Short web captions
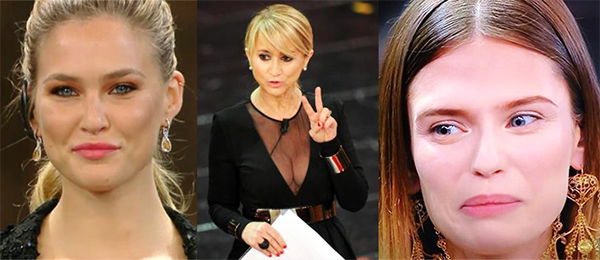 Sanremo 2013: avevamo davvero bisogno di Bar Refaeli e Bianca Balti sul palco? No! A vincere è stata la Littizzetto preview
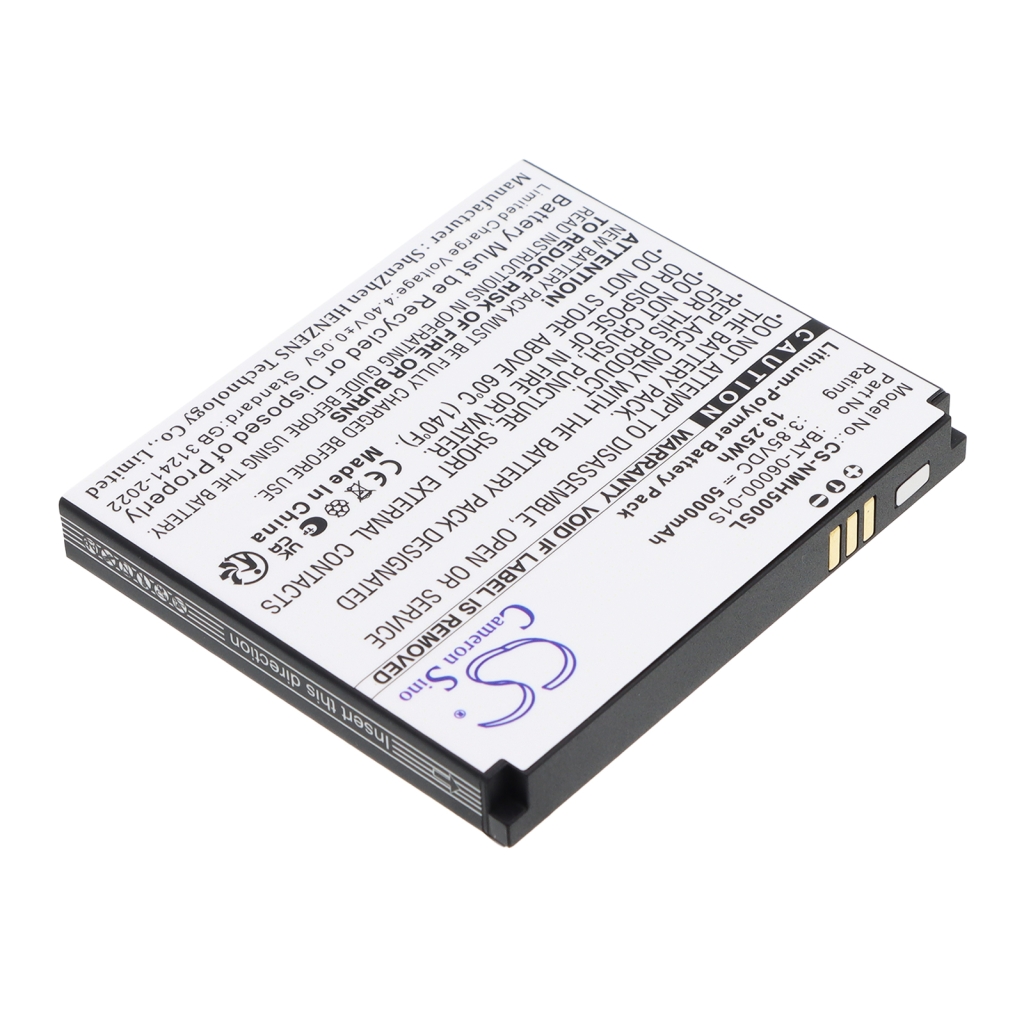 Batterie compatible avec Sonim CS-NMH500SL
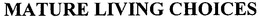 MATURE LIVING CHOICES trademark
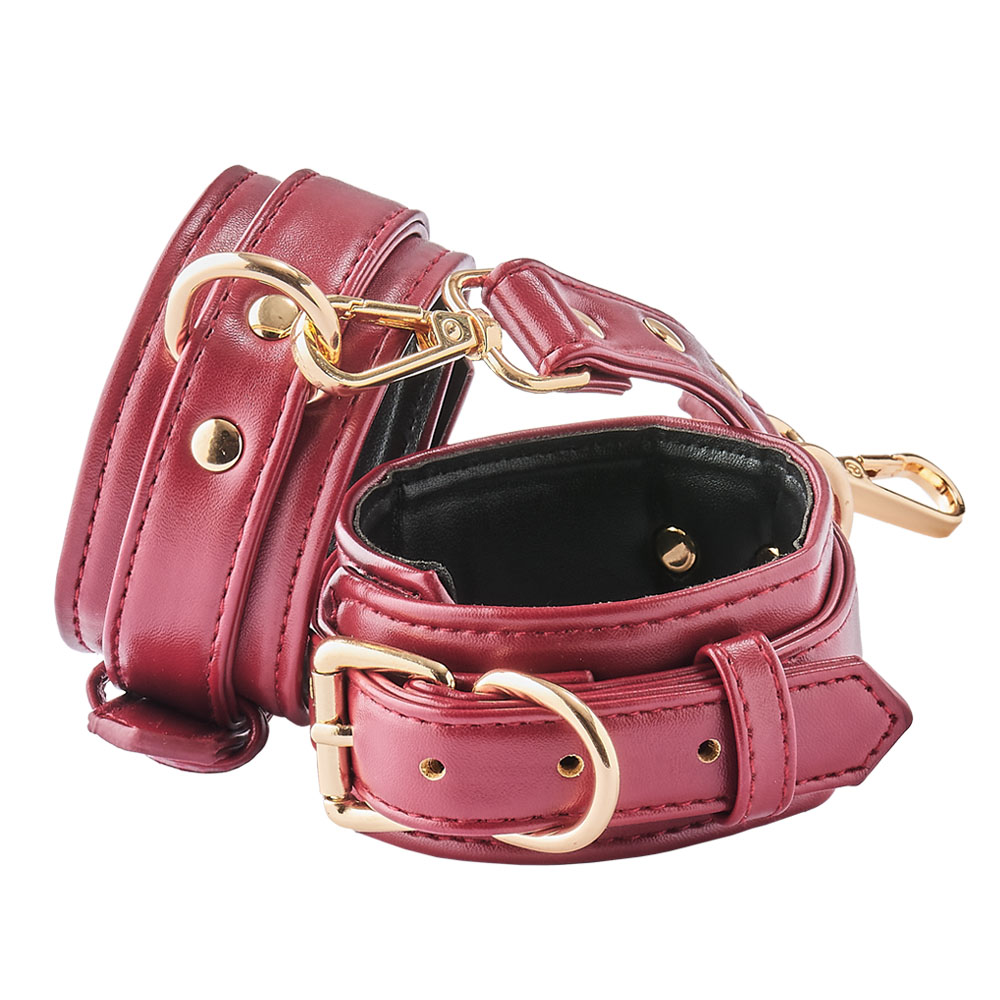Наручники на кісточки Blaze Elite Anklecuff Red (червоний)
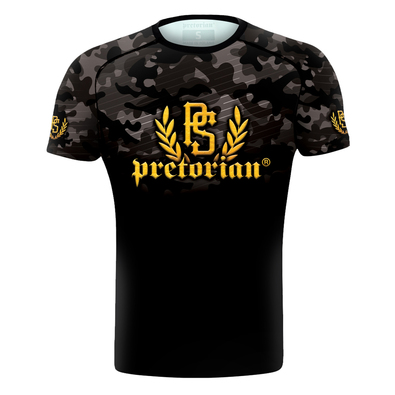 Rashguard kids short sleeve Pretorian Camo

▶ [Try it] No pictures go in the copy. Retype exactly the lines from the one with "MATURE LIVING CHOICES trademark" through the last line of the entries above, both included, and nothing more.

▶ [Solved problem]
 MATURE LIVING CHOICES trademark
Наручники на кісточки Blaze Elite Anklecuff Red (червоний)
 Rashguard kids short sleeve Pretorian Camo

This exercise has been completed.